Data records

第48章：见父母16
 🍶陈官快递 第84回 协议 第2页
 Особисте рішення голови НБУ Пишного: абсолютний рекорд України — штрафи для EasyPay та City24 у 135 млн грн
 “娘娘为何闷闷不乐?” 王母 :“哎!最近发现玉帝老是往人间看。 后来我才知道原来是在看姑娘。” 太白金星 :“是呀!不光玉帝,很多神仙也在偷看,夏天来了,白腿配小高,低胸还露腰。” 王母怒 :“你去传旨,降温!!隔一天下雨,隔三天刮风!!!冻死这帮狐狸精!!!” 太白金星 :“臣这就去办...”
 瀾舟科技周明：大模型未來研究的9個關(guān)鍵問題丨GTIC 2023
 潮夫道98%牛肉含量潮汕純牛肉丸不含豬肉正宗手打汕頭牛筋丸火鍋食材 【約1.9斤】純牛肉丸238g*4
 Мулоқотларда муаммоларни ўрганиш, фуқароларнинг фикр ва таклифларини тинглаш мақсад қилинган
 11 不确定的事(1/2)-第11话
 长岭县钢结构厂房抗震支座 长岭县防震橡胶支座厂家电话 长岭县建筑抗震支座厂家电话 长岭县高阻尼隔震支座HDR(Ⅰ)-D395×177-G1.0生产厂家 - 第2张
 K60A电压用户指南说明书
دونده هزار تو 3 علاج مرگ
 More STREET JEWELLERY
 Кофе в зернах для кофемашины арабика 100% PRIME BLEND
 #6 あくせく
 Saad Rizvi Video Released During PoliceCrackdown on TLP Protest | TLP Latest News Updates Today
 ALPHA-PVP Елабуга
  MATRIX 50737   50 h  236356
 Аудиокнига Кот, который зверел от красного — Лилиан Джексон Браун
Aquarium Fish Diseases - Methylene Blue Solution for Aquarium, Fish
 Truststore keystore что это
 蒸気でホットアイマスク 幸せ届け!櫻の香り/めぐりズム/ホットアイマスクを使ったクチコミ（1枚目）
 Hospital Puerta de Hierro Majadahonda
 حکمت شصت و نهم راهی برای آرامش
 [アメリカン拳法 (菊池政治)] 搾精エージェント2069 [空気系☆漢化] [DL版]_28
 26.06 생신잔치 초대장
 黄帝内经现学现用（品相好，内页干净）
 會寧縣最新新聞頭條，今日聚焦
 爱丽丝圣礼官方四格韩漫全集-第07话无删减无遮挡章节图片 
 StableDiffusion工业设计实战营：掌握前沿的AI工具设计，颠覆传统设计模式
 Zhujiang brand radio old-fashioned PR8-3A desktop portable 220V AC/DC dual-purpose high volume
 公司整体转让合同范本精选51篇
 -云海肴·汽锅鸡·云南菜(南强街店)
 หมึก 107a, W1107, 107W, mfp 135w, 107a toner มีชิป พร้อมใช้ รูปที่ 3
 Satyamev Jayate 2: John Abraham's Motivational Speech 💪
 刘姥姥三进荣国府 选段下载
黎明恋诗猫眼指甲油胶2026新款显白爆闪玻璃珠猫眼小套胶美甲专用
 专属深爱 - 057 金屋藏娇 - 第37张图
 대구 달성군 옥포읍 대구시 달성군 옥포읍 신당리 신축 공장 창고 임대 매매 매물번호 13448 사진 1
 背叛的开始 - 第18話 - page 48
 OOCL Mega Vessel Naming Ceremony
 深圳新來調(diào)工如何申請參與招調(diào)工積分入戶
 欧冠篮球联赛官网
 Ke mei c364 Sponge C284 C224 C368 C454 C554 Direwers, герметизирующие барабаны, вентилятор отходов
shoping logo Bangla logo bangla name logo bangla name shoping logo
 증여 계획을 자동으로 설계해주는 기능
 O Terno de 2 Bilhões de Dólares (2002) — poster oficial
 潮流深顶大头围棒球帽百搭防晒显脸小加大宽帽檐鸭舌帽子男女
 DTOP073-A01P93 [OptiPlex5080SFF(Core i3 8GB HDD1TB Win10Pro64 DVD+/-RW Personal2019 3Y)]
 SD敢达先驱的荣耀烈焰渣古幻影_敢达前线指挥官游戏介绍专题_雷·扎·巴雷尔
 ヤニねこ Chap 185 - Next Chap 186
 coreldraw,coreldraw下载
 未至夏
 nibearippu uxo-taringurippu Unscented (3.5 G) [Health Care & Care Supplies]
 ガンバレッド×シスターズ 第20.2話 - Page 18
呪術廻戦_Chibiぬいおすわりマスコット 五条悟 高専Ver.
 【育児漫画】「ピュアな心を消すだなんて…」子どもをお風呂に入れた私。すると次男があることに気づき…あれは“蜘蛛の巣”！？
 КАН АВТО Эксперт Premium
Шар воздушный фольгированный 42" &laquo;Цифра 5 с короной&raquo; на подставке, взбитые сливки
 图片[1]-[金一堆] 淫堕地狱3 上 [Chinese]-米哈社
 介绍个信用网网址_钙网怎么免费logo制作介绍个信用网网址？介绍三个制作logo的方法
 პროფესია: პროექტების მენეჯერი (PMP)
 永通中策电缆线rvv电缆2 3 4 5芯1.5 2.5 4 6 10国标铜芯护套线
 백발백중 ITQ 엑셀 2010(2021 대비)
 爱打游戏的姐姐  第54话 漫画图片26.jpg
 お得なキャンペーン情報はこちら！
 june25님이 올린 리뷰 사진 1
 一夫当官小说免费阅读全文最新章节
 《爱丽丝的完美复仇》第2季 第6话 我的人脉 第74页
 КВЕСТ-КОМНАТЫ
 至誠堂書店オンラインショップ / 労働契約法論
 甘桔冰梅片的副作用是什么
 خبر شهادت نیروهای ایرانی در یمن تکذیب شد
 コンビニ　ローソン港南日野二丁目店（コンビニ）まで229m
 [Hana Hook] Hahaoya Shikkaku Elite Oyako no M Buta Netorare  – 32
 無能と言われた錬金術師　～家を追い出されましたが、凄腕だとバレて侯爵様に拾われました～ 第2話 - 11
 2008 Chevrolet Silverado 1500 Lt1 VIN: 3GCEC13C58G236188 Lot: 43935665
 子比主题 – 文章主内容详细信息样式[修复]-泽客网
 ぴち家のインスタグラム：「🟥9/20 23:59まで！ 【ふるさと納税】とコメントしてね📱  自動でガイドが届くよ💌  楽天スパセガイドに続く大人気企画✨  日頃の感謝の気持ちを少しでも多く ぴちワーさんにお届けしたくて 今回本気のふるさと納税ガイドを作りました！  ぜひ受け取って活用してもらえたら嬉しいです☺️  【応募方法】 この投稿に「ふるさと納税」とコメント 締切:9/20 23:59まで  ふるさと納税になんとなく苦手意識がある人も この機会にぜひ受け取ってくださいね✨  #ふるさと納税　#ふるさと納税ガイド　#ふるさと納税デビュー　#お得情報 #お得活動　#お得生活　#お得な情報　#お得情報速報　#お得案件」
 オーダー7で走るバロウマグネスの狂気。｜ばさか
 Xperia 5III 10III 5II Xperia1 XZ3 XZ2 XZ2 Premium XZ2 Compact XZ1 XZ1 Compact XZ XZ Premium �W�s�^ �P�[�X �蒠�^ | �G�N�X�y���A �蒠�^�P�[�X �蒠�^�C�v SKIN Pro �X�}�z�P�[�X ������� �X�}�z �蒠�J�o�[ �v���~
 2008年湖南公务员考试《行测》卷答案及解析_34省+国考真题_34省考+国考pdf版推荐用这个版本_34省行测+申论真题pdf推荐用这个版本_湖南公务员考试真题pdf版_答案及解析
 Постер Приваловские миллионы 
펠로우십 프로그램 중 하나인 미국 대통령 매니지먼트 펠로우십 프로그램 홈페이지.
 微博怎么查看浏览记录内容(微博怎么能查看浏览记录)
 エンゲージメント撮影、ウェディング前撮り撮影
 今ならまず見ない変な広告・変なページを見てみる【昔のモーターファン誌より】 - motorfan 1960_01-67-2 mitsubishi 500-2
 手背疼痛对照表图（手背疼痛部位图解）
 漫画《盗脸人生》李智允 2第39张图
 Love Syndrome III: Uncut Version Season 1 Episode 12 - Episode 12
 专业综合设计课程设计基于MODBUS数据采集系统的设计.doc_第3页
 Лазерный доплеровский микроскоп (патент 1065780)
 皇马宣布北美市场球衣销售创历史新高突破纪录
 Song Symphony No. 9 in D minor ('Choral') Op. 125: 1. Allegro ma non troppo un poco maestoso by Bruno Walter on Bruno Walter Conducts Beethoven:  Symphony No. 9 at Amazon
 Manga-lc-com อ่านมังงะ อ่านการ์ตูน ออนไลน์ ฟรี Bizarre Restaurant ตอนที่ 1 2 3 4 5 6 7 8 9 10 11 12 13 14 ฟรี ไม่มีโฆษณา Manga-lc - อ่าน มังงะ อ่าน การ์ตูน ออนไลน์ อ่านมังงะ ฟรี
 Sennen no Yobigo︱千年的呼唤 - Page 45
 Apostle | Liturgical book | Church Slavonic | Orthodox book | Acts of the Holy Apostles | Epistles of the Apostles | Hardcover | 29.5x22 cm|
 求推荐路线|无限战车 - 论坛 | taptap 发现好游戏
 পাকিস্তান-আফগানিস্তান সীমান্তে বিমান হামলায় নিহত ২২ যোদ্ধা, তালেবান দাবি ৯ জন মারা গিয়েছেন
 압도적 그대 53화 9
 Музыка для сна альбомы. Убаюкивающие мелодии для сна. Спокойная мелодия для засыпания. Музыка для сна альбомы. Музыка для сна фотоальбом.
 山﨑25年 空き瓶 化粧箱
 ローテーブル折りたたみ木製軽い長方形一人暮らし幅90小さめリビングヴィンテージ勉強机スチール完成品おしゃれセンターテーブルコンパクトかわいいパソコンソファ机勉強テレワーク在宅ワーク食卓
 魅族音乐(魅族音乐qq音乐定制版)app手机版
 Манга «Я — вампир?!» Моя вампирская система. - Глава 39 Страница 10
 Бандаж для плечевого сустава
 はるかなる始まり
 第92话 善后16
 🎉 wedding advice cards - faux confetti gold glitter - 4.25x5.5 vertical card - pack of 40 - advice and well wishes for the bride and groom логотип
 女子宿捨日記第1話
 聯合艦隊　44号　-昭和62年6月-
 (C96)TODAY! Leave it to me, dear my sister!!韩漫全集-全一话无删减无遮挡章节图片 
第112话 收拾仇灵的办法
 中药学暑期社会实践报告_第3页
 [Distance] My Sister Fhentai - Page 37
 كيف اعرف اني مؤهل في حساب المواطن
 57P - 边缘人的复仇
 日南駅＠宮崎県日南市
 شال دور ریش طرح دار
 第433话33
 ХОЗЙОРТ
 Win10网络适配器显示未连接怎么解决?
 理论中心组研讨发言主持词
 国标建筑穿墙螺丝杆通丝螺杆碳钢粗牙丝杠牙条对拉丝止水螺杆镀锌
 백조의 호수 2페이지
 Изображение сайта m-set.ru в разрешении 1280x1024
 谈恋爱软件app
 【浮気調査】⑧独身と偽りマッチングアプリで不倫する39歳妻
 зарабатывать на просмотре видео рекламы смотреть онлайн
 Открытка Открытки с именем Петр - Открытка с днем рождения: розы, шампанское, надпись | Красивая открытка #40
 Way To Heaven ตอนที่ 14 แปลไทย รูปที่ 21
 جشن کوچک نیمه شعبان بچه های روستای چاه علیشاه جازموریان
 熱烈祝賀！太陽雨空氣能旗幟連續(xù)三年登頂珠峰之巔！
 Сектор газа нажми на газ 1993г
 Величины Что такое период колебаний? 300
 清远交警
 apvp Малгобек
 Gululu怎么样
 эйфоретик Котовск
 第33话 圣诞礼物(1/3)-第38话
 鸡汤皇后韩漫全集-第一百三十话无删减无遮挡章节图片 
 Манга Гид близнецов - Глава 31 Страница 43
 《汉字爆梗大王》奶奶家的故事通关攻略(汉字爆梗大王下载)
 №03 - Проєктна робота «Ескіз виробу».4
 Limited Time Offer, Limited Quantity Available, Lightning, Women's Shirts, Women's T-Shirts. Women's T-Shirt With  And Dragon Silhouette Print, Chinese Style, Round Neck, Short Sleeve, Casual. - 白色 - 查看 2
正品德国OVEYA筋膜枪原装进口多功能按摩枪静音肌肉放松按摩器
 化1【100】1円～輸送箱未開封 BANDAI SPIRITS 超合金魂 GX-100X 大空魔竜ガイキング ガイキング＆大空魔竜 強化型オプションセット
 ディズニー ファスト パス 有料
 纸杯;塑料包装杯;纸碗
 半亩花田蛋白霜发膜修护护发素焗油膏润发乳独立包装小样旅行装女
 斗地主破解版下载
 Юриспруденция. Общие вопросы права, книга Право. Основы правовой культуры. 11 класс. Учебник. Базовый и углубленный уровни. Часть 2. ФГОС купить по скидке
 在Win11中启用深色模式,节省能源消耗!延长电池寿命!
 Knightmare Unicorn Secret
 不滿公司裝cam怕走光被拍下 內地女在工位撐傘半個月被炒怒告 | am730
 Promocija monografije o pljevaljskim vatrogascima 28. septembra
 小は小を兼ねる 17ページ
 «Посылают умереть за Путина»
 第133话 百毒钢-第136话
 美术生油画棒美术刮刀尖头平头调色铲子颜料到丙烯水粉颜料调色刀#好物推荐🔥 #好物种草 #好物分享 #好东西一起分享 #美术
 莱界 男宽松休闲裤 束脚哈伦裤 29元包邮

§ **Task to carry out**
The line containing "在Win11中启用深色模式,节省能源消耗!延长电池寿命!" begins the span, and the last line of the records above ends it. Return that span exactly, and nothing outside it.

§ **Solution for this problem**
 在Win11中启用深色模式,节省能源消耗!延长电池寿命!
 Knightmare Unicorn Secret
 不滿公司裝cam怕走光被拍下 內地女在工位撐傘半個月被炒怒告 | am730
 Promocija monografije o pljevaljskim vatrogascima 28. septembra
 小は小を兼ねる 17ページ
 «Посылают умереть за Путина»
 第133话 百毒钢-第136话
 美术生油画棒美术刮刀尖头平头调色铲子颜料到丙烯水粉颜料调色刀#好物推荐🔥 #好物种草 #好物分享 #好东西一起分享 #美术
 莱界 男宽松休闲裤 束脚哈伦裤 29元包邮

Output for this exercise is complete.